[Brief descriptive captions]
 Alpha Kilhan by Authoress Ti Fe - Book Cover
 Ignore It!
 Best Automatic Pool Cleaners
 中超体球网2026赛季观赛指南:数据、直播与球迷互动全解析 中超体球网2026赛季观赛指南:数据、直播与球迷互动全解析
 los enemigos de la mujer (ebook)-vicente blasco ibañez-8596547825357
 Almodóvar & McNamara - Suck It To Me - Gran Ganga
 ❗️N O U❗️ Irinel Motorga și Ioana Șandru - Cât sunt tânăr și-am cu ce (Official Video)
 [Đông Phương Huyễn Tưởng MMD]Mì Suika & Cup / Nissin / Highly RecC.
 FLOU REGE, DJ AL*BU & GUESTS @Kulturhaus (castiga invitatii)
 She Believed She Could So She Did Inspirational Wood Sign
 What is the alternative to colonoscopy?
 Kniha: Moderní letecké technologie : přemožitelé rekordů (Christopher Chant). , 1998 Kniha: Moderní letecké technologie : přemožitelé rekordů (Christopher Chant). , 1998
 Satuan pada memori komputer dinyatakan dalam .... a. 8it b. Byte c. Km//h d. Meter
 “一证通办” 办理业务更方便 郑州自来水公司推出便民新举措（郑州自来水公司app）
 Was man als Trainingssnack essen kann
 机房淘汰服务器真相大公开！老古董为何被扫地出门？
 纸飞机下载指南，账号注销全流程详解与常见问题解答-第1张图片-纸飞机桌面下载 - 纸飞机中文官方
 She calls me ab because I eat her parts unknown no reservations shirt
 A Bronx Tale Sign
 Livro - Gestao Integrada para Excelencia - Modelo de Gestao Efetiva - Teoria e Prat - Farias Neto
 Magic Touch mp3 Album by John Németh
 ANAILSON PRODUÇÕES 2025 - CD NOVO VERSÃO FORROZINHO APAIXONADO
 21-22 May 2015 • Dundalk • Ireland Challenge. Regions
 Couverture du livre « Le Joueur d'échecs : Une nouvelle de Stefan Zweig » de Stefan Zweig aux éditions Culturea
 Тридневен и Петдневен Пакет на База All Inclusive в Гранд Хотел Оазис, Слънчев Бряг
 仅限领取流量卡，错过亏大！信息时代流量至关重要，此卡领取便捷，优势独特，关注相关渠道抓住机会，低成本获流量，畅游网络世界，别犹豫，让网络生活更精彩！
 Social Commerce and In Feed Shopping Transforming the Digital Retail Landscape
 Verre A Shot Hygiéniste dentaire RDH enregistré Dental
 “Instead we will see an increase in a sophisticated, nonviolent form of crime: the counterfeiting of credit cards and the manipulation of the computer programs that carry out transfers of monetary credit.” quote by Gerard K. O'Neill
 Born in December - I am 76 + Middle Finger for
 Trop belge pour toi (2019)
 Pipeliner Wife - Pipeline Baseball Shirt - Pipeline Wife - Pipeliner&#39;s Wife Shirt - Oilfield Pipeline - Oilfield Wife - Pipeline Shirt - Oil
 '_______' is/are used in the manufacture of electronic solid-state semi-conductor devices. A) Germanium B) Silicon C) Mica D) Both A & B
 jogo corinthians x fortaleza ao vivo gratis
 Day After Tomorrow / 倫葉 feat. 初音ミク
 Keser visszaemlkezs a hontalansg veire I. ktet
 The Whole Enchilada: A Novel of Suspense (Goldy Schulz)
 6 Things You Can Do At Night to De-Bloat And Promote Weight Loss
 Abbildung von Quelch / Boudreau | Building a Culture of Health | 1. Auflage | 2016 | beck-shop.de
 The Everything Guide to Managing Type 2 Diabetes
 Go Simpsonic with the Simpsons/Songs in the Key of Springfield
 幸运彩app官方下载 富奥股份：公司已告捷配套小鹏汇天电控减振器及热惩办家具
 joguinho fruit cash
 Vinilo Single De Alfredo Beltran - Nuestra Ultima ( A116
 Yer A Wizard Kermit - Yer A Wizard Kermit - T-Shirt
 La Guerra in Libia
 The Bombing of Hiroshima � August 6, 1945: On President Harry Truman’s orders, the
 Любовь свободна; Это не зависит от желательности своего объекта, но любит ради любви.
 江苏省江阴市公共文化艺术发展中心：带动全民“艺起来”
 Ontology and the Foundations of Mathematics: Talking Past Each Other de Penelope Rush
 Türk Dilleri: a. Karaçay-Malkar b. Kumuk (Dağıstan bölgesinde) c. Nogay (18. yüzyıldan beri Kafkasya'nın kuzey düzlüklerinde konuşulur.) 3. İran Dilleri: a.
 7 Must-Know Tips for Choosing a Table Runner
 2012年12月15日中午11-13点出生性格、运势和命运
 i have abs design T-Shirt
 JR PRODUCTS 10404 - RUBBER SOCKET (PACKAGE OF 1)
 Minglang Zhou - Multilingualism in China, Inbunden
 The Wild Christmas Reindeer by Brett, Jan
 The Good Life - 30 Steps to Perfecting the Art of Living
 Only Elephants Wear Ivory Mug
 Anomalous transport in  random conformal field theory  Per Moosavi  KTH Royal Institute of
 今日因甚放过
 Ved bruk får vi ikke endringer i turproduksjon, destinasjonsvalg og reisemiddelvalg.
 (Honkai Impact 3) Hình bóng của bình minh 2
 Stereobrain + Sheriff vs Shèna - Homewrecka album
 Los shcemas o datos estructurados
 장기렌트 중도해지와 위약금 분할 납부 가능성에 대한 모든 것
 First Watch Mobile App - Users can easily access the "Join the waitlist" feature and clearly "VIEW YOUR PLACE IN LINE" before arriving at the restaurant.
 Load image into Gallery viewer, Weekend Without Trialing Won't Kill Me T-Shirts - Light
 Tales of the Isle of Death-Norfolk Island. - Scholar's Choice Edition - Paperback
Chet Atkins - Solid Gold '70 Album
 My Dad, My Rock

-- TASK STATEMENT --
Please transcribe the data exactly from its first line. End with the line that contains "[Đông Phương Huyễn".

-- WRITTEN RESPONSE --
 Alpha Kilhan by Authoress Ti Fe - Book Cover
 Ignore It!
 Best Automatic Pool Cleaners
 中超体球网2026赛季观赛指南:数据、直播与球迷互动全解析 中超体球网2026赛季观赛指南:数据、直播与球迷互动全解析
 los enemigos de la mujer (ebook)-vicente blasco ibañez-8596547825357
 Almodóvar & McNamara - Suck It To Me - Gran Ganga
 ❗️N O U❗️ Irinel Motorga și Ioana Șandru - Cât sunt tânăr și-am cu ce (Official Video)
 [Đông Phương Huyễn Tưởng MMD]Mì Suika & Cup / Nissin / Highly RecC.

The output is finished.